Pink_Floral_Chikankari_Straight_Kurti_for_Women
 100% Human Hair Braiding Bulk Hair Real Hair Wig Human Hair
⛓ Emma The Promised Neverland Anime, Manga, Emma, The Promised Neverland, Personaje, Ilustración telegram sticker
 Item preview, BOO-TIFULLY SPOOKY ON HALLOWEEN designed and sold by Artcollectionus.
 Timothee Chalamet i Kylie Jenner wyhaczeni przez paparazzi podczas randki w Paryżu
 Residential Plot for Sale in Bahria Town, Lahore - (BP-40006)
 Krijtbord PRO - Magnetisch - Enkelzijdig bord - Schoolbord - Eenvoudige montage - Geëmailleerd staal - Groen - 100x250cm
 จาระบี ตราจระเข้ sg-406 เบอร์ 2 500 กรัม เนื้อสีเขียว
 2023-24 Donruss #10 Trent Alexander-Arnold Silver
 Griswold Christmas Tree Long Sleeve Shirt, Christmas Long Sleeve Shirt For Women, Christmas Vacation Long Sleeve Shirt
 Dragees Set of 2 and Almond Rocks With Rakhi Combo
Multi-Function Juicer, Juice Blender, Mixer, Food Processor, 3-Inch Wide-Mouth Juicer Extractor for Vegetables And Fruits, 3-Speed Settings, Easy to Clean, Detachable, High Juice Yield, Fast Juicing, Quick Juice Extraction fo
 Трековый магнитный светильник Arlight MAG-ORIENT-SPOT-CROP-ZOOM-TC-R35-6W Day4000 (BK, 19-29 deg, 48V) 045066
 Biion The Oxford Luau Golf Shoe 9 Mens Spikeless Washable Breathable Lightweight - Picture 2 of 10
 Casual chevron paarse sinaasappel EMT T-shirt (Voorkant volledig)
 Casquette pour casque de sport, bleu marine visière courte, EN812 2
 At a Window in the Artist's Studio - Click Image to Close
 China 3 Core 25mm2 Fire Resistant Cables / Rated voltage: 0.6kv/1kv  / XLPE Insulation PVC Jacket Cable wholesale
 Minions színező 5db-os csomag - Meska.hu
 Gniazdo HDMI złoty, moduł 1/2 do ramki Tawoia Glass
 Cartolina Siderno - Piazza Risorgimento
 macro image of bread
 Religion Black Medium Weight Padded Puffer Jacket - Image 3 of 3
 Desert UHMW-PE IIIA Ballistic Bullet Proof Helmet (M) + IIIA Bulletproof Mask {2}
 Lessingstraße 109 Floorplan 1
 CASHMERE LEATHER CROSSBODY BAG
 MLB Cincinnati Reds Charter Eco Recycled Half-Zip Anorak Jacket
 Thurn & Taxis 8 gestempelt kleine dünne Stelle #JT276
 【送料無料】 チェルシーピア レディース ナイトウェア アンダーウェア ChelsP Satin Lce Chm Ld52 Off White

-----

### THE PROBLEM
Nothing but the lines from the first line of the listing above through the line holding "Multi-Function Juicer, Juice" should be reproduced, and each must match exactly.

### EXERCISE SOLUTION
Pink_Floral_Chikankari_Straight_Kurti_for_Women
 100% Human Hair Braiding Bulk Hair Real Hair Wig Human Hair
⛓ Emma The Promised Neverland Anime, Manga, Emma, The Promised Neverland, Personaje, Ilustración telegram sticker
 Item preview, BOO-TIFULLY SPOOKY ON HALLOWEEN designed and sold by Artcollectionus.
 Timothee Chalamet i Kylie Jenner wyhaczeni przez paparazzi podczas randki w Paryżu
 Residential Plot for Sale in Bahria Town, Lahore - (BP-40006)
 Krijtbord PRO - Magnetisch - Enkelzijdig bord - Schoolbord - Eenvoudige montage - Geëmailleerd staal - Groen - 100x250cm
 จาระบี ตราจระเข้ sg-406 เบอร์ 2 500 กรัม เนื้อสีเขียว
 2023-24 Donruss #10 Trent Alexander-Arnold Silver
 Griswold Christmas Tree Long Sleeve Shirt, Christmas Long Sleeve Shirt For Women, Christmas Vacation Long Sleeve Shirt
 Dragees Set of 2 and Almond Rocks With Rakhi Combo
Multi-Function Juicer, Juice Blender, Mixer, Food Processor, 3-Inch Wide-Mouth Juicer Extractor for Vegetables And Fruits, 3-Speed Settings, Easy to Clean, Detachable, High Juice Yield, Fast Juicing, Quick Juice Extraction fo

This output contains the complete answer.